Source code in src/horde_model_reference/diff_service.py
class PendingChangeDiffService:
    """Service for computing preview diffs for pending changes.

    This service compares pending change payloads against the current model
    state in the backend to produce detailed field-level diffs.
    """

    def __init__(
        self,
        *,
        manager: ModelReferenceManager,
        queue_service: PendingQueueService,
    ) -> None:
        """Initialize the diff service.

        Args:
            manager: The model reference manager for fetching current state.
            queue_service: The pending queue service for fetching change records.

        """
        self._manager = manager
        self._queue_service = queue_service

    def compute_change_diff(self, change_id: int) -> PendingChangeDiff | None:
        """Compute the diff for a single pending change.

        Args:
            change_id: The ID of the pending change to diff.

        Returns:
            PendingChangeDiff with computed field diffs, or None if change not found.

        """
        record = self._queue_service.get_change(change_id)
        if record is None:
            return None

        return self._compute_diff_for_record(record)

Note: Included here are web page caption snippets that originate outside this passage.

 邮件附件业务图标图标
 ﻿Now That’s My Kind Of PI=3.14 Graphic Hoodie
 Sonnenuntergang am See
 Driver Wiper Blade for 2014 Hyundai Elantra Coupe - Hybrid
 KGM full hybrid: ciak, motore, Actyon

    def compute_bulk_diffs(
        self,
        change_ids: list[int],
    ) -> PendingChangeDiffPage:
        """Compute diffs for multiple pending changes.

        Args:
            change_ids: List of change IDs to compute diffs for.

        Returns:
            PendingChangeDiffPage containing all computed diffs and any errors.

        """
        diffs: list[PendingChangeDiff] = []
        errors: list[dict[str, Any]] = []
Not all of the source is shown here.